The Pumpkin Patch started with the Cooks unloading pumpkins with a few friends and has grown into a large month-long operation with multiple trailer truck loads of pumpkins and requiring over 200 volunteers to unload. People from all over Middle Tennessee go there to buy their fall pumpkins.
Cooper, thankfully, never required chemotherapy. He had scans and follow-up appointments until he was 6 and was deemed cancer free after that point. He loves people, basketball, baseball and the video game Fortnight.
“He’s a healthy 10-year-old in fourth grade. You would not know by looking at him what he went through,” Cook said. “He has a slight scar, but you can’t see it unless you know to look for it. He had to have some speech therapy because of weakness in the facial nerves and muscle as a result of the surgeries.
“The reason we do this is because God blessed him with his health, and it’s our turn in the process to help other people,” she said.
As the Cooper Trooper Foundation grew, Missy Cook was hit with a tragedy about five years ago. Rod, whom she met, fell in love with and married while in graduate school in Alabama, died unexpectedly from sudden cardiac arrest.

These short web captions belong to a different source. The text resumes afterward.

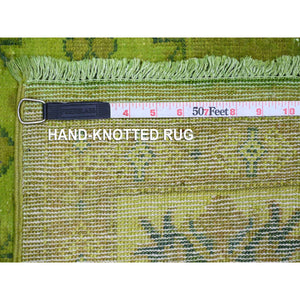 6'x8'2" Moss Green, Overdyed Kazak With Geometric Medallions Design, Hand Knotted, Pure Wool, Oriental Rug FWR122658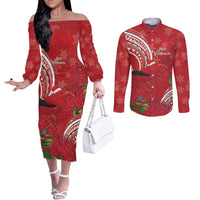Personalized Mele Kalikimaka Hawaii Couples Matching Off The Shoulder Long Sleeve Dress and Long Sleeve Button Shirt I'iwi Bird With Ohia Lehua - Red Color LT14 Red - Polynesian Pride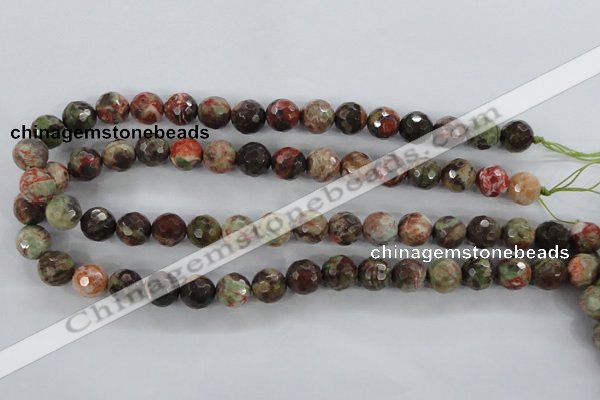 CRA104 15.5 inches 14mm faceted round rainforest agate gemstone beads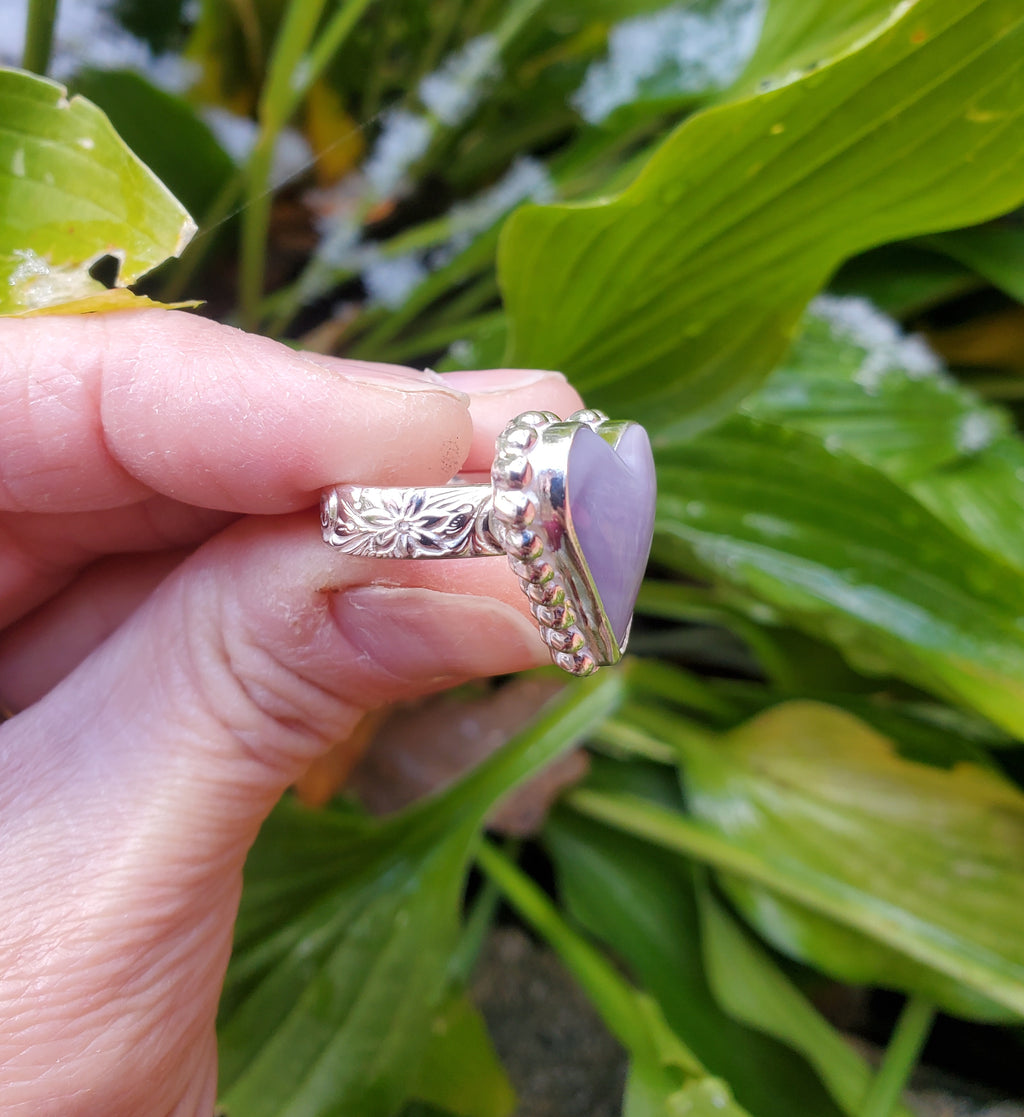 Purple Fluorite Heart Shaped Statement Ring in Solid Sterling Silver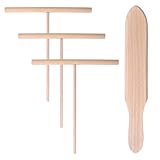 Bosiyrggrl Set mit 4 Pfannenwendern aus Holz in T-Form zum Ausrollen von Pfannkuchenteig,...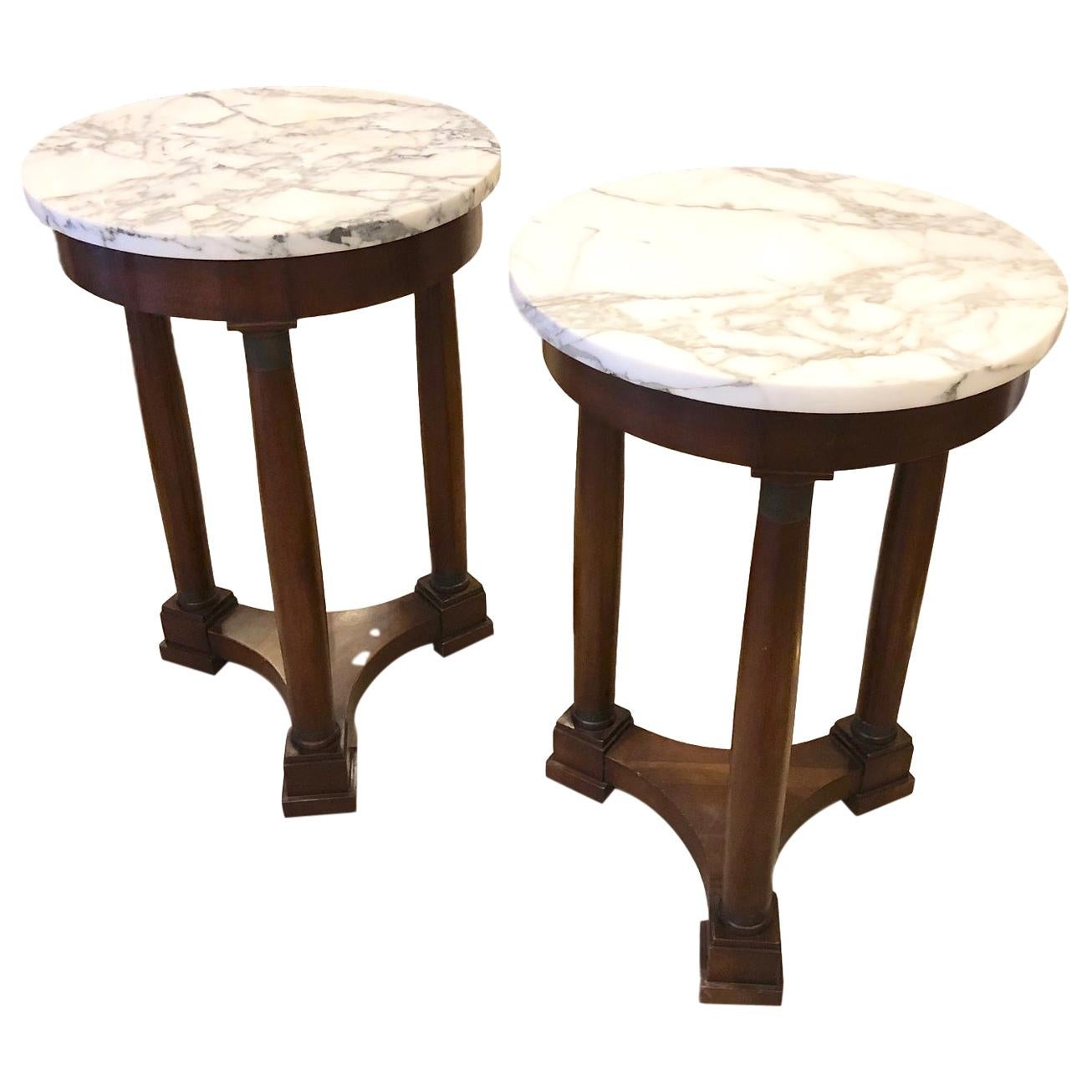 Pair of French Marble-Top Side Tables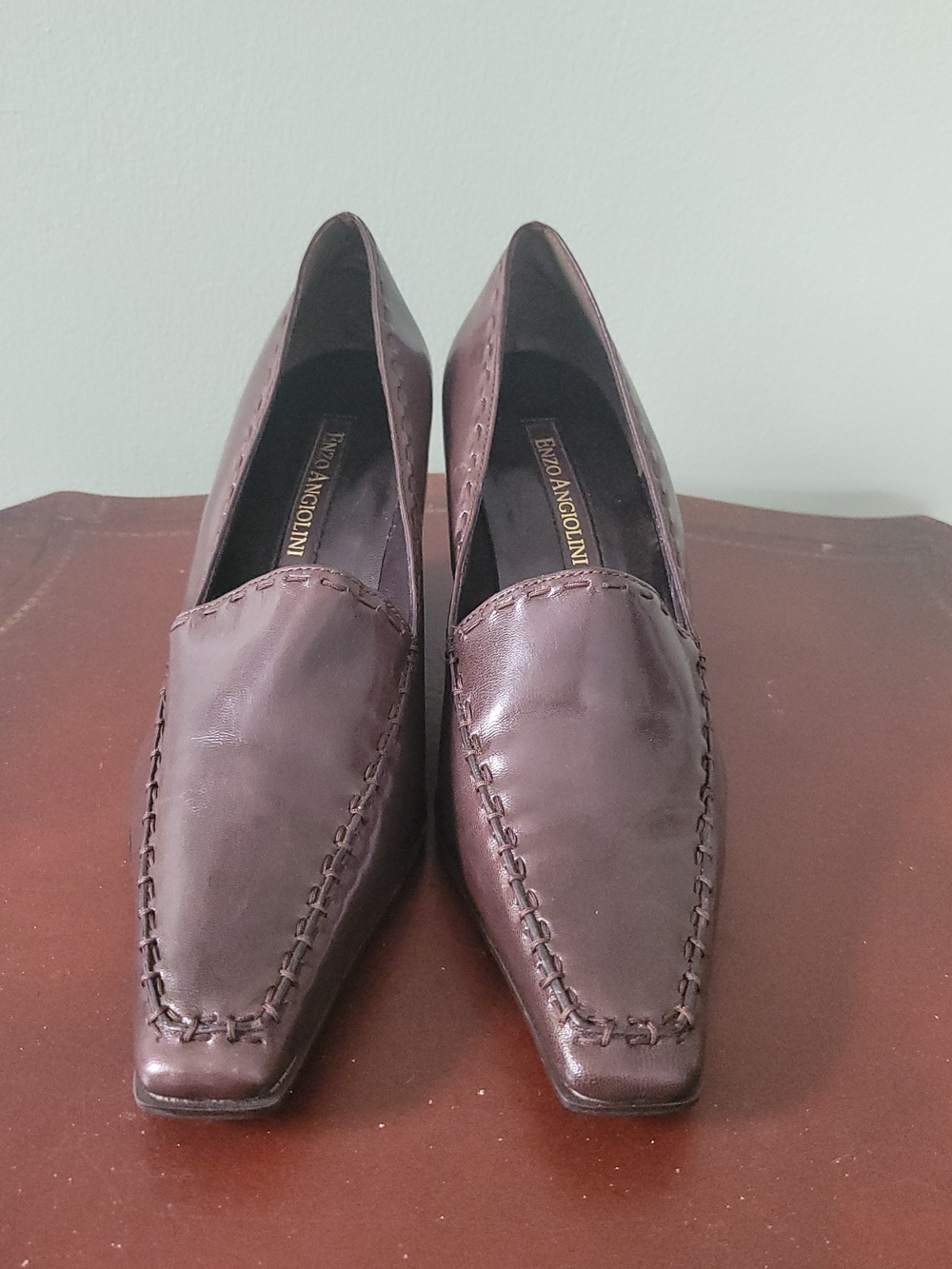Vintage Enzo Angiolini Brown Leather Wedge Loafers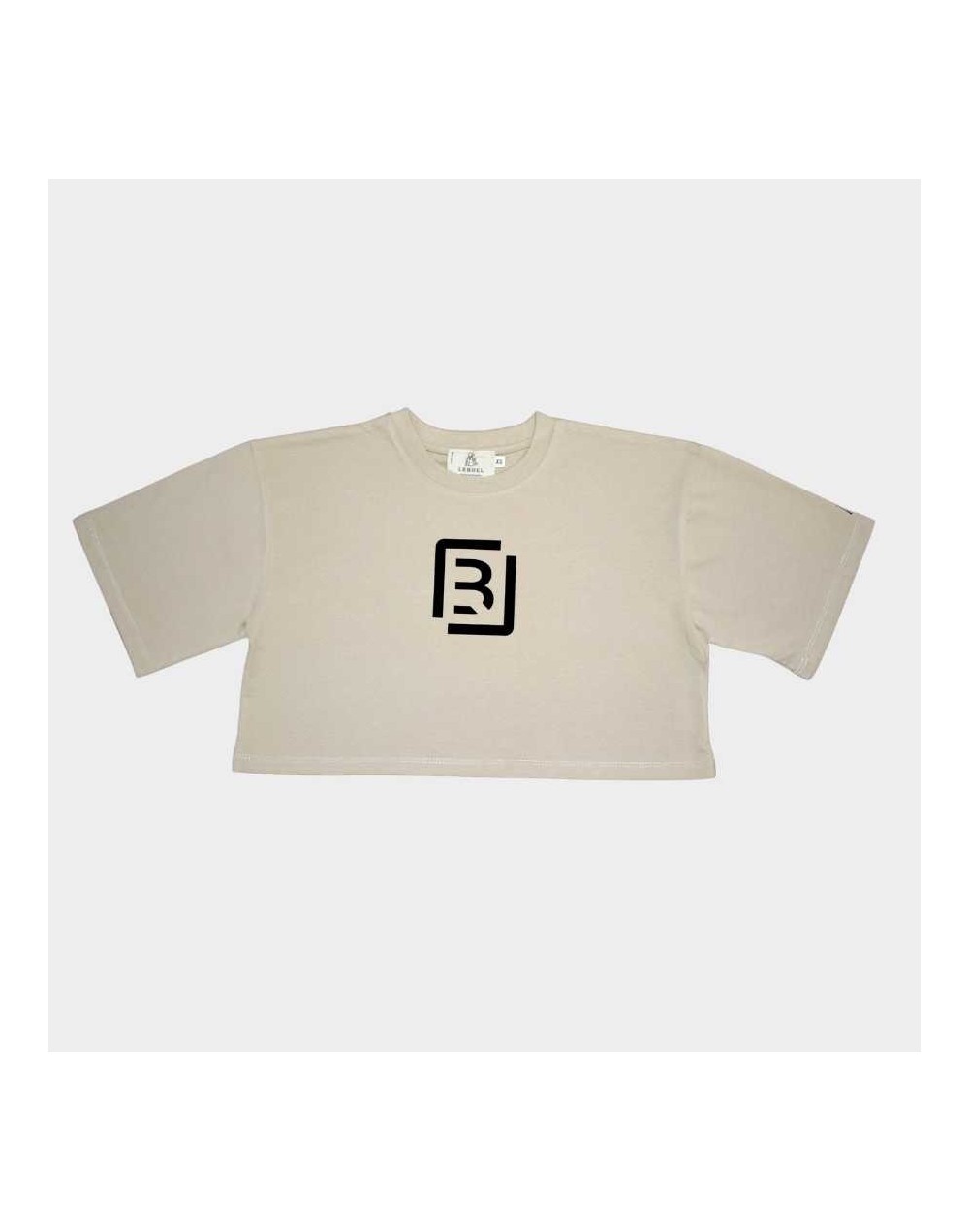 Croptop oversize beige  monograma negro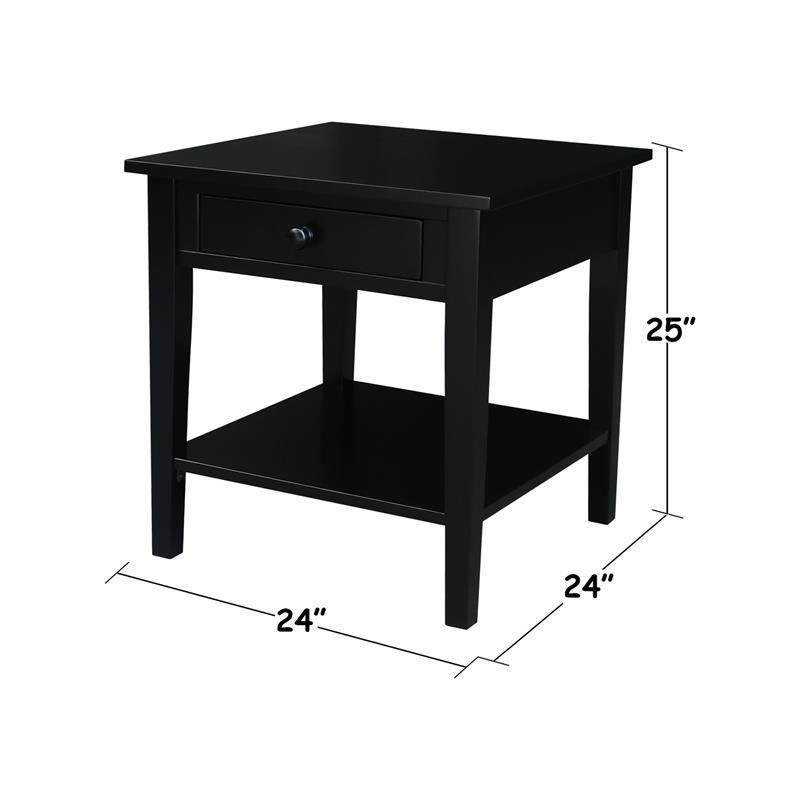 International Concepts Spencer Black Wood End Table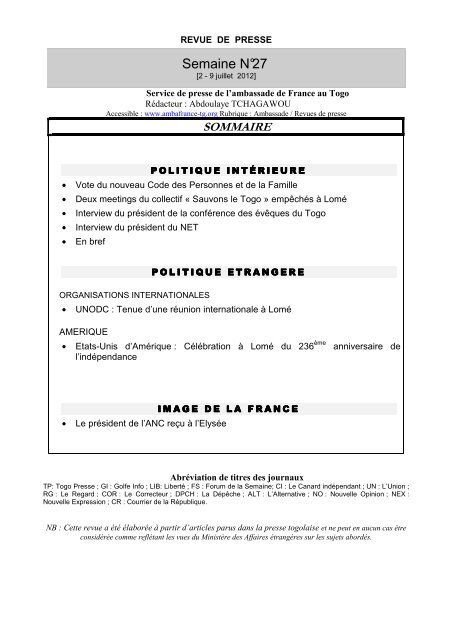 Revue de presse du 2 au 9 juillet 2012 - Ambassade de France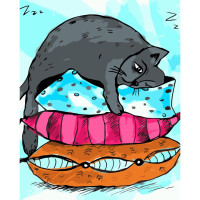 Картина за номерами Стомлений сірий кіт 30х40 см SV-0041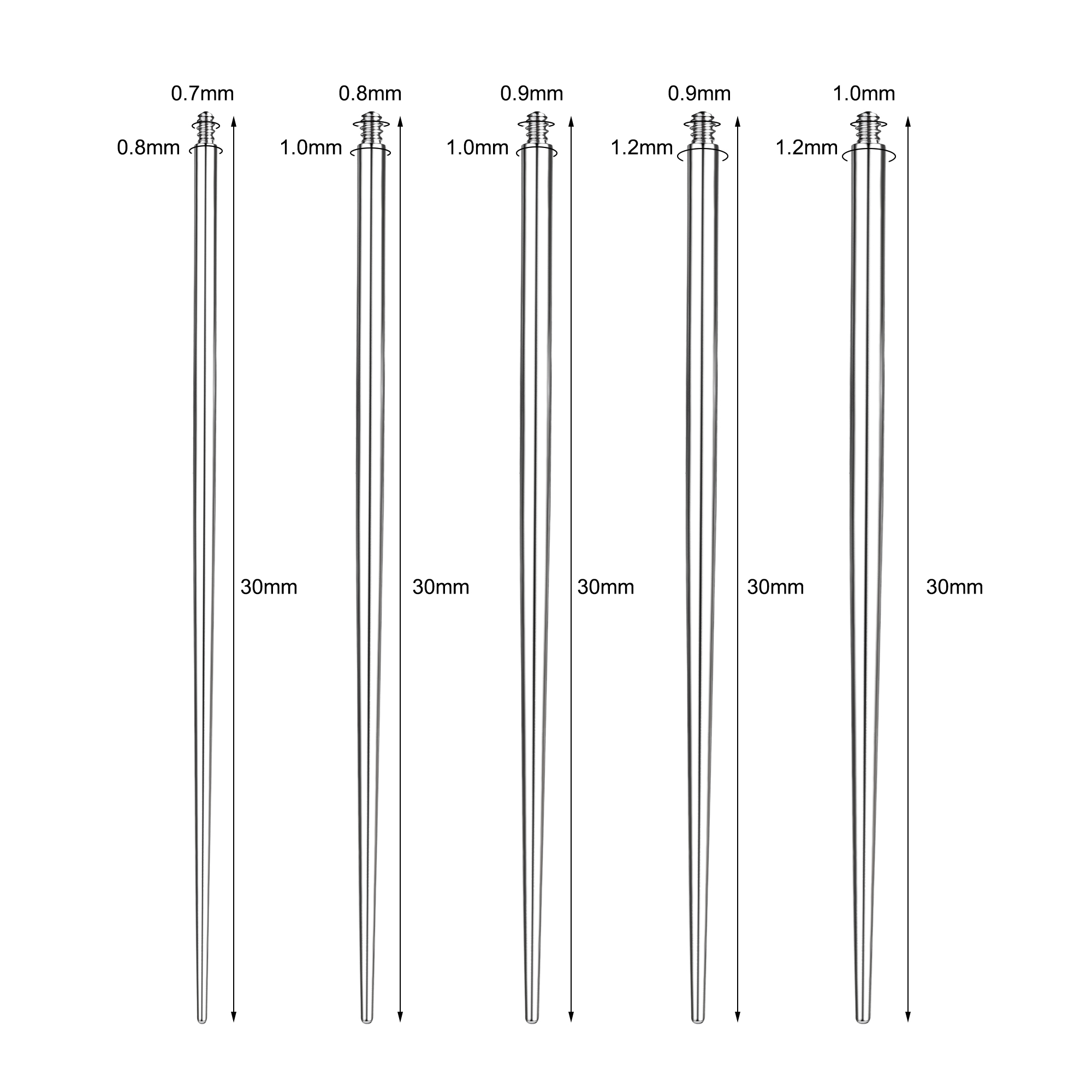 1/5Pcs 16g-20g Stainless Steel Piercing Needles Internal Thread Piercing Tool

Suddenly, she was thrust into being a single mother to three heartbroken boys. Despite the heartache of losing the love of her life, she felt compelled — for her boys and Rod — to continue the foundation.
“I have to believe God does have a plan and that for whatever reason this is my story, and I have to embrace that. Cooper Trooper gives us some excitement and joy to know we are helping others,” Cook said.
“Rod was so passionate about the foundation for years, that to continue on with that keeps a piece of him alive. I think he would be thrilled to know how much it has grown and how far it has come.”